THE PROBLEM:
Return the records below in full. Keep every word exact and skip the images.

GIVEN ENTRIES:

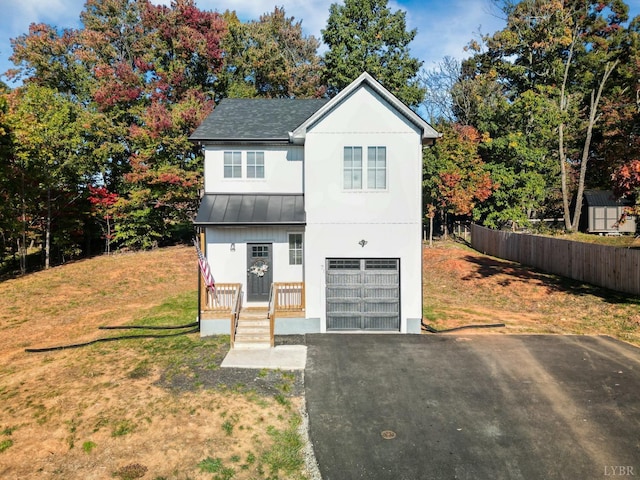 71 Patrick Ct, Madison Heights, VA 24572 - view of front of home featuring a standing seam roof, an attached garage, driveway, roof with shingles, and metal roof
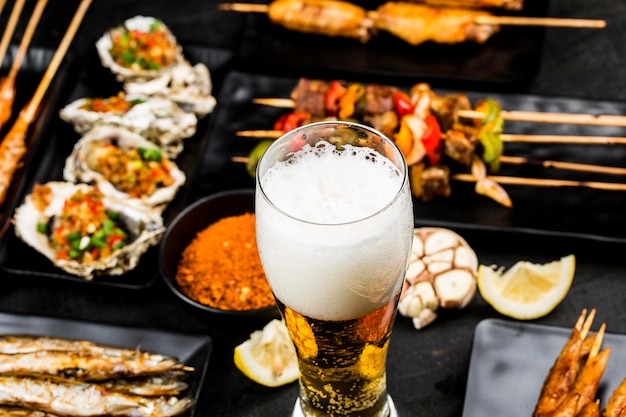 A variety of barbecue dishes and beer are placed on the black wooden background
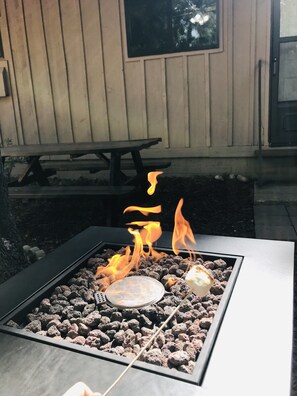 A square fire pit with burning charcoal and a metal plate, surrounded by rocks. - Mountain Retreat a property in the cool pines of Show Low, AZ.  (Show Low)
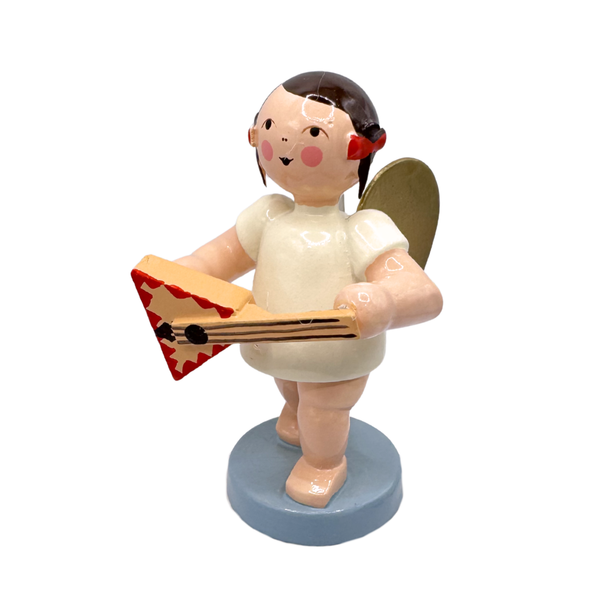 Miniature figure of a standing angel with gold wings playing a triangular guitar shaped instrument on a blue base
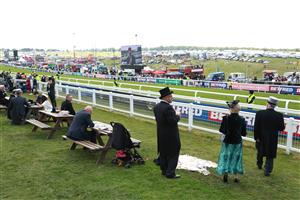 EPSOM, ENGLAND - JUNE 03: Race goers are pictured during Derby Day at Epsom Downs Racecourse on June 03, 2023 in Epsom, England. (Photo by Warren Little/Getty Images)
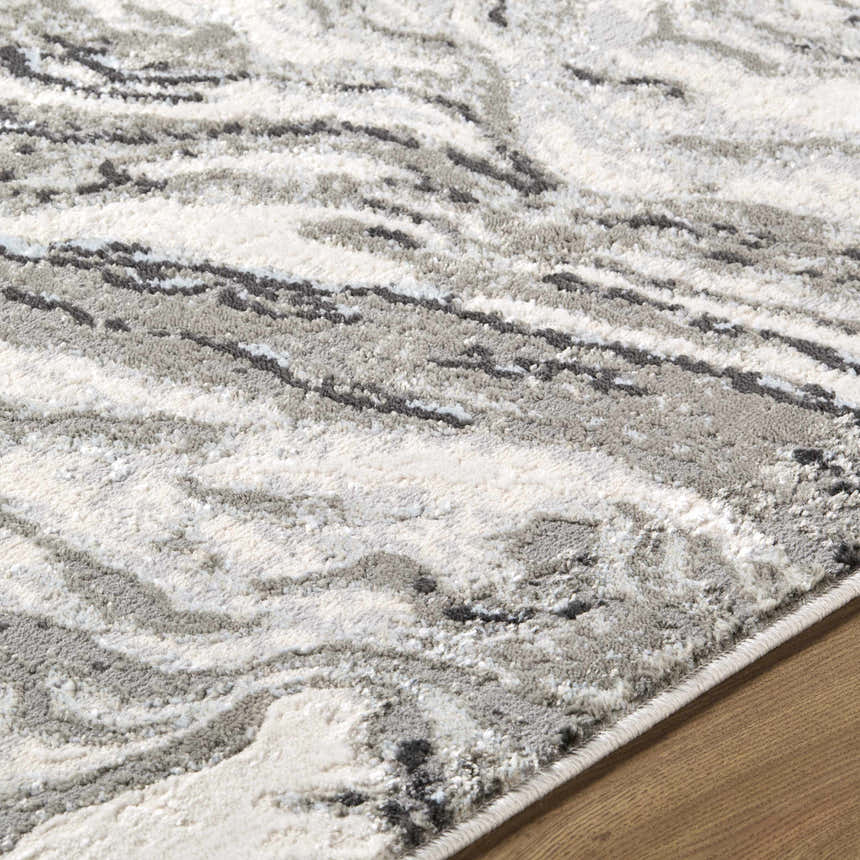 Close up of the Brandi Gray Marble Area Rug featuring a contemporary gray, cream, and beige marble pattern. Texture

OUTPUT OF THE TASK:
 71 Patrick Ct, Madison Heights, VA 24572 - view of front of home featuring a standing seam roof, an attached garage, driveway, roof with shingles, and metal roof
 A variety of barbecue dishes and beer are placed on the black wooden background
 A square fire pit with burning charcoal and a metal plate, surrounded by rocks. - Mountain Retreat a property in the cool pines of Show Low, AZ.  (Show Low)
 Miniature figure of a standing angel with gold wings playing a triangular guitar shaped instrument on a blue base
 EPSOM, ENGLAND - JUNE 03: Race goers are pictured during Derby Day at Epsom Downs Racecourse on June 03, 2023 in Epsom, England. (Photo by Warren Little/Getty Images)
 Close up of the Brandi Gray Marble Area Rug featuring a contemporary gray, cream, and beige marble pattern. Texture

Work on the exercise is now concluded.